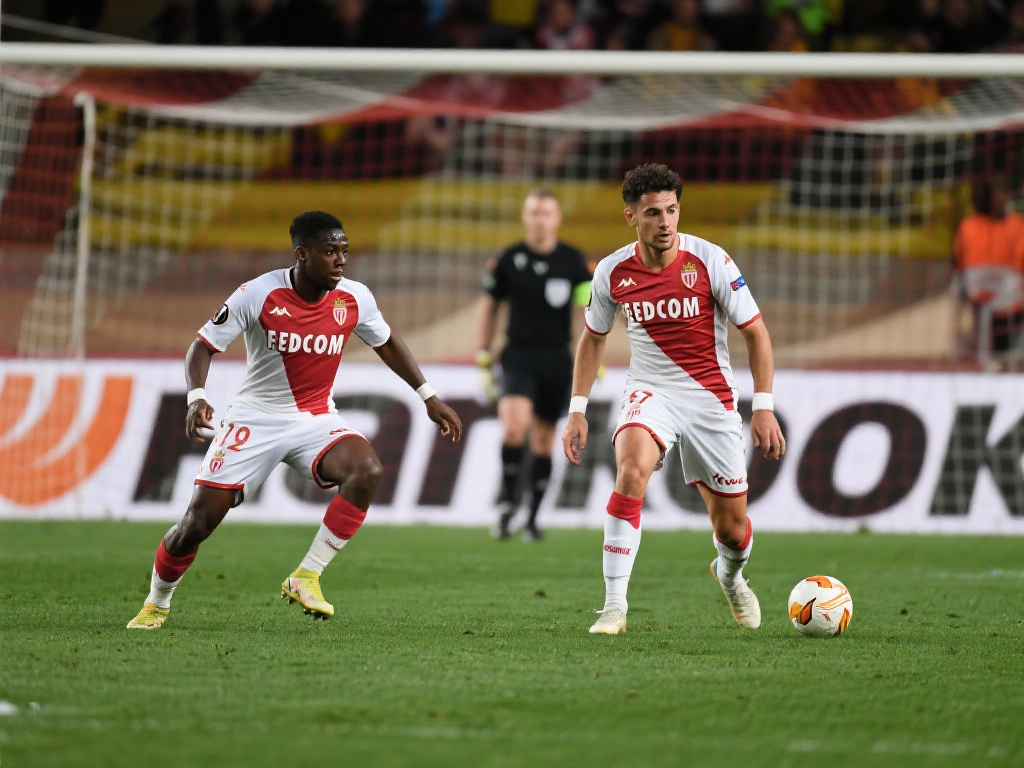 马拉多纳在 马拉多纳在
^^^^
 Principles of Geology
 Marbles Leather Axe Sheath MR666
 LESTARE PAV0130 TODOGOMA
^^^^
The response should be the listing above, limited to the lines between the one holding "Principles of Geology" and the one holding "LESTARE PAV0130 TODOGOMA", inclusive, reproduced exactly.

 Principles of Geology
 Marbles Leather Axe Sheath MR666
 LESTARE PAV0130 TODOGOMA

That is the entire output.